**Material provided**:
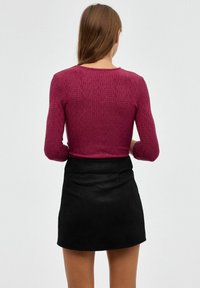 Top de punto burdeos con mangas largas y un patrón de diamantes, combinado con una minifalda de ante negra. Se muestra la vista trasera.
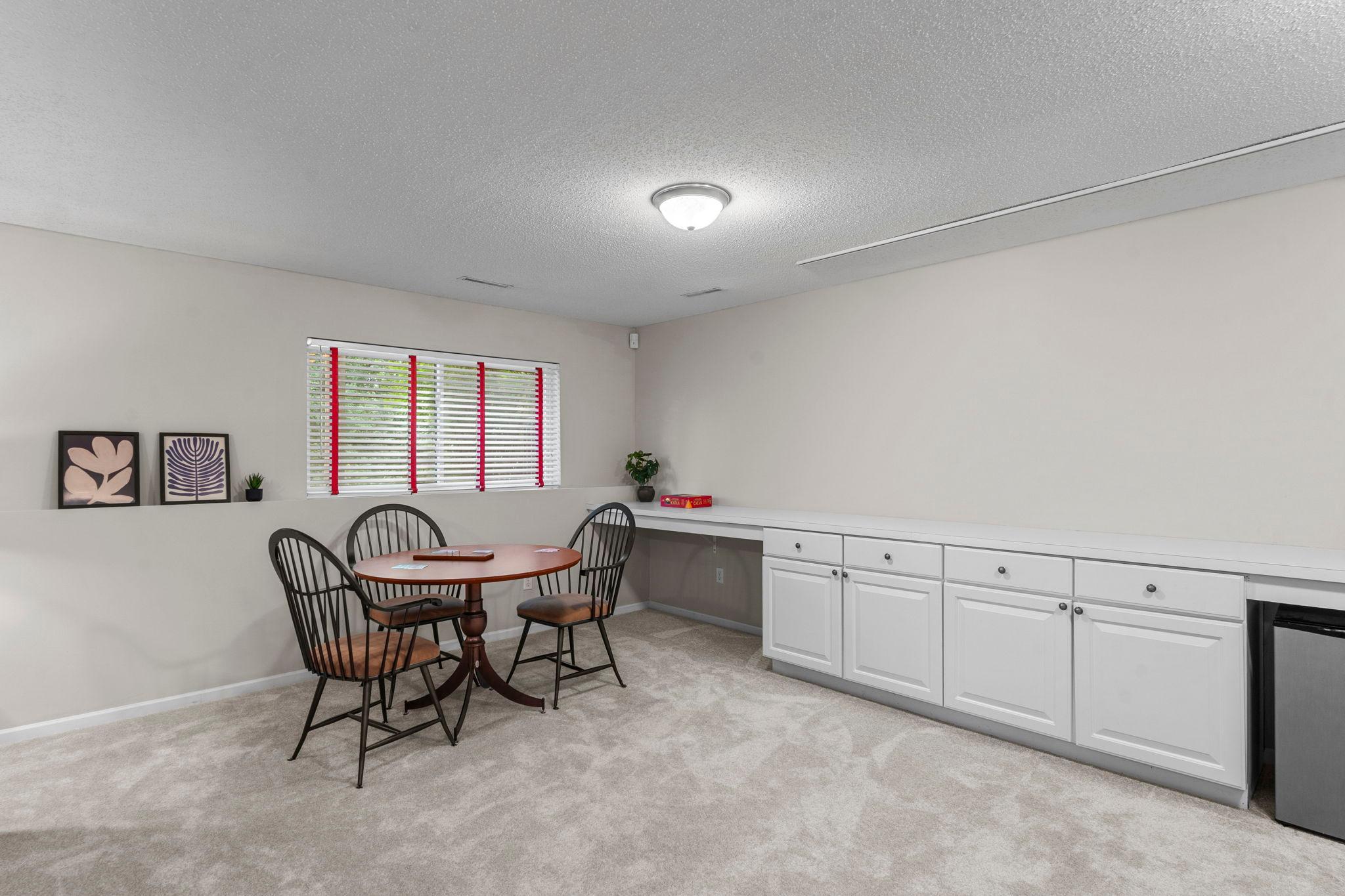 The space includes built-in counter space and cabinetry, creating an ideal workspace or hobby area.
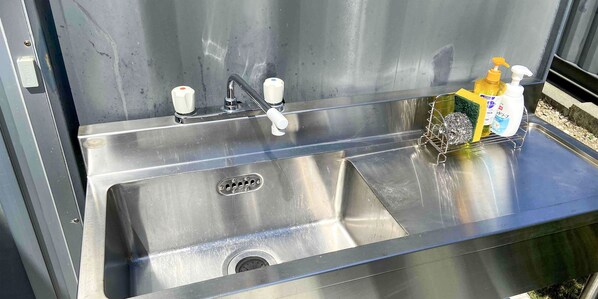A stainless steel sink with a faucet and soap dispenser.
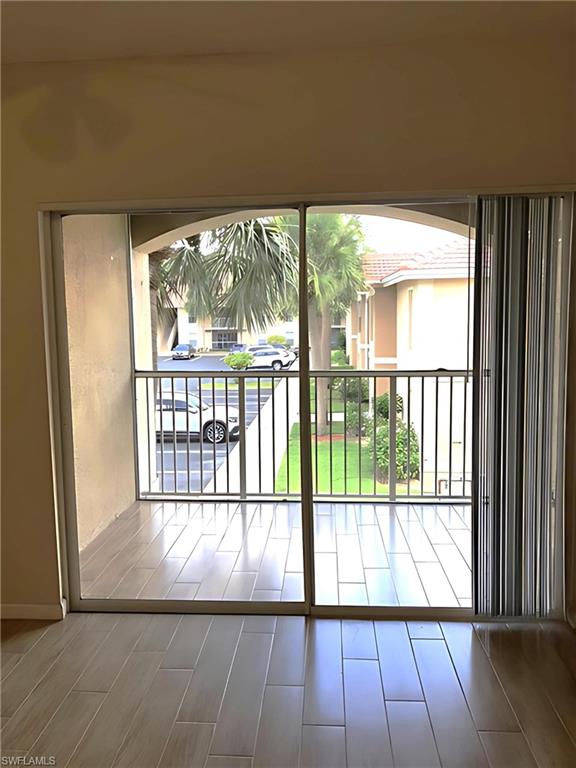8255 Ibis Club Drive, Unit 508 Naples, FL 34104 - Photo 7 of 14 a view of hallway with a large window and wooden floor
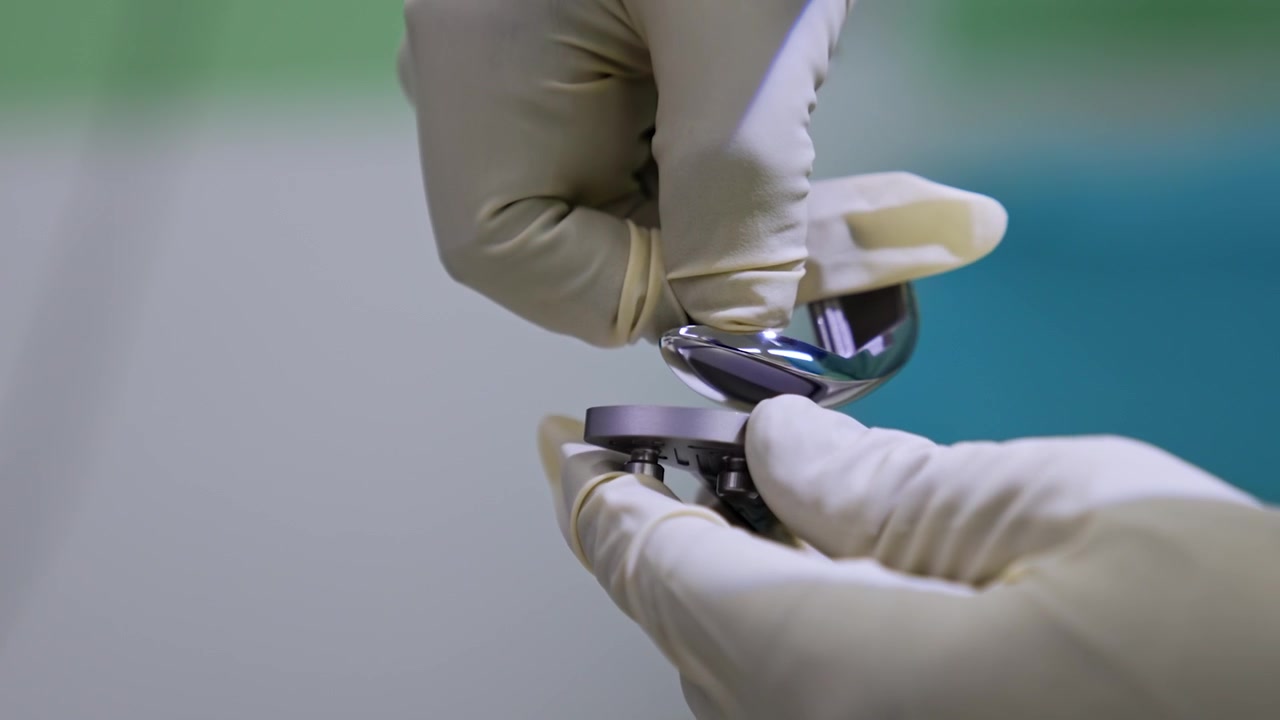Doctor's hands in latex gloves hold a knee joint prosthesis. Orthopedics and trauma surgery. Close up.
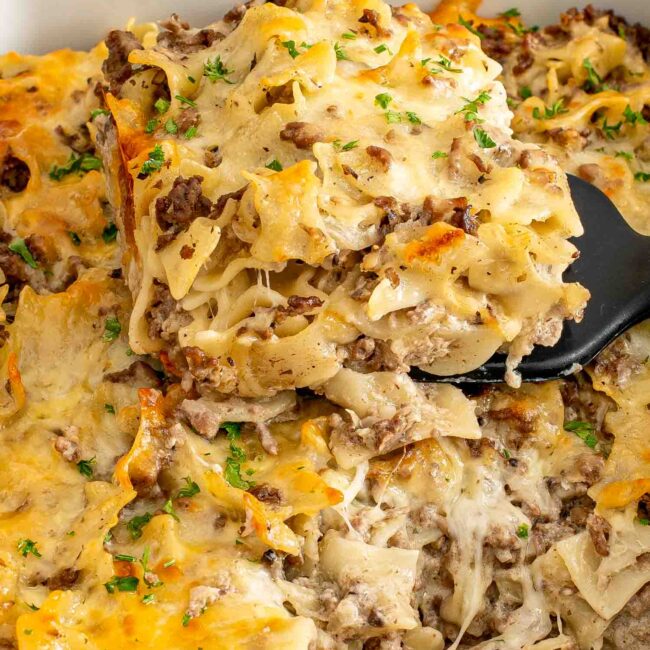 freshly baked beef stroganoff casserole in a white casserole dish garnished with parsley.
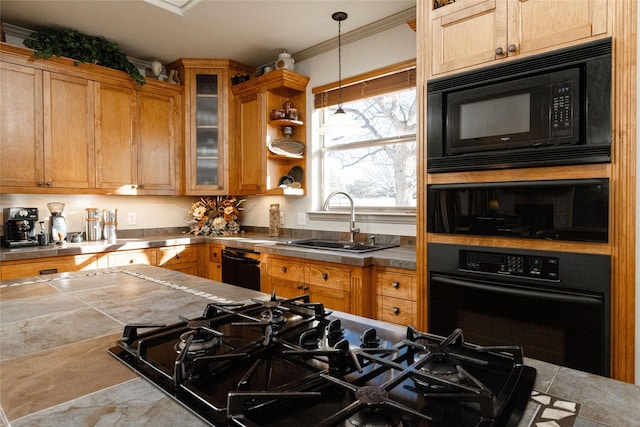 kitchen with black appliances, ornamental molding, pendant lighting, and sink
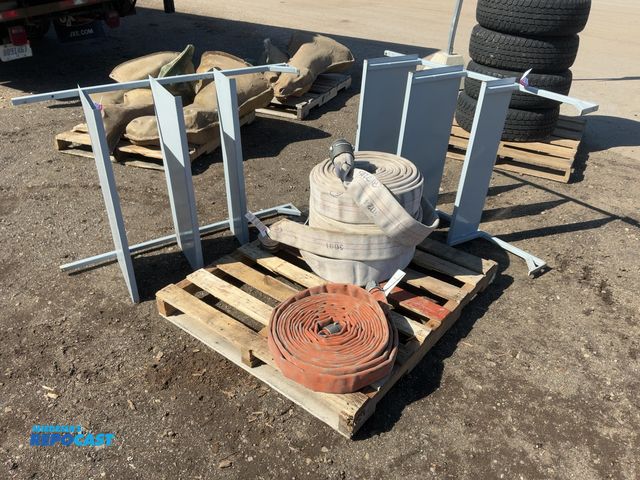 Lot 2-23356 - Lot of (4) Used Fire Hoses, all have holes, and (2) Metal 3-tier shelves, bases have to be bolted do...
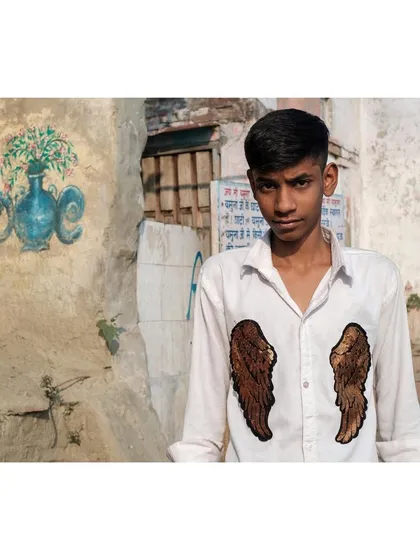 A young man in a shirt adorned with angel wings, shot against a rustic wall in Delhi. The juxtaposition of modern fashion and the old, textured background creates a compelling street portrait.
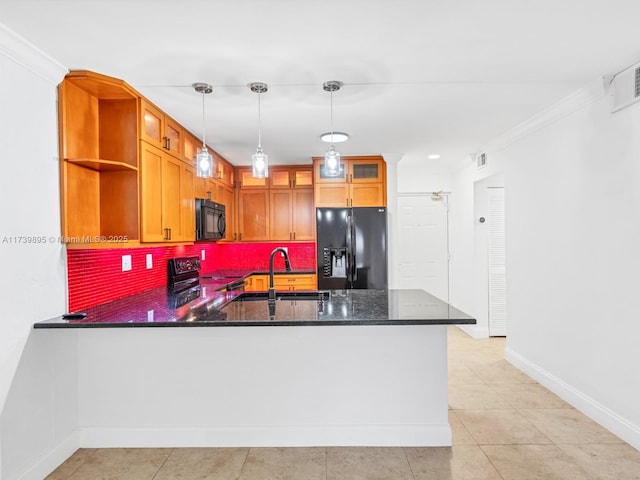 kitchen featuring black appliances, decorative backsplash, a sink, a peninsula, and glass insert cabinets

**Task description**: Write out, exactly as they appear, the lines from the one containing "Doctor's hands in" through the end of the material above, excluding pictures.

**Answer for this exercise**:
Doctor's hands in latex gloves hold a knee joint prosthesis. Orthopedics and trauma surgery. Close up.
 freshly baked beef stroganoff casserole in a white casserole dish garnished with parsley.
 kitchen with black appliances, ornamental molding, pendant lighting, and sink
 Lot 2-23356 - Lot of (4) Used Fire Hoses, all have holes, and (2) Metal 3-tier shelves, bases have to be bolted do...
 A young man in a shirt adorned with angel wings, shot against a rustic wall in Delhi. The juxtaposition of modern fashion and the old, textured background creates a compelling street portrait.
 kitchen featuring black appliances, decorative backsplash, a sink, a peninsula, and glass insert cabinets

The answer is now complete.